Black Friday Sale! Save huge on InvestingProGet up to 60% off

Oil Creeps Higher Ahead of Potential OPEC+ Supply Cut

Published 05/09/2022, 10:16 am
© Reuters.
LCO
-
CL
-

By Ambar Warrick

Investing.com-- Oil prices rose on Monday, recovering some ground after bruising losses last week as investors awaited details on potential OPEC production cuts from a meeting later in the day.

London-traded Brent oil futures rose 1.4% to $94.59 a barrel, while U.S. West Texas Intermediate futures rose 1.6% to $88.30 a barrel by 20:08 ET (00:08 ET).

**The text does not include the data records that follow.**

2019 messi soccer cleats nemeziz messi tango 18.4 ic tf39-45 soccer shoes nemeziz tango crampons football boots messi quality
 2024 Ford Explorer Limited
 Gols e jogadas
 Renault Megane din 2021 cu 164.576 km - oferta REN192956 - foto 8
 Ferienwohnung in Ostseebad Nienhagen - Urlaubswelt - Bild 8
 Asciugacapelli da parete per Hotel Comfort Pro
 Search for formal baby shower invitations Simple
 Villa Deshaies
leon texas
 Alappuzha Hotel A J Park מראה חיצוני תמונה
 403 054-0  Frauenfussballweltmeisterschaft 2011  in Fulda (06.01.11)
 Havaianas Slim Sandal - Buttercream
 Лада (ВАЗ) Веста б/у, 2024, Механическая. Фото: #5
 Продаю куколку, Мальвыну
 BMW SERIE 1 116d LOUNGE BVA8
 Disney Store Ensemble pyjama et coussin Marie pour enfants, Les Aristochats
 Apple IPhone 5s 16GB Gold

Crude prices slumped between $6 and $8 over the past week as growing concerns over a global economic recession severely crimped the outlook for crude demand. Traders are fearing an extended economic slowdown in the United States as the Federal Reserve embarks on a monetary tightening cycle.

Reports that the U.S. and Iran are nearing a revival of the nuclear deal also dented crude prices with the prospect of a supply glut. Washington on Friday signaled that it was keen on striking a deal with Tehran, given that the U.S. is struggling with elevated inflation due to high fuel prices.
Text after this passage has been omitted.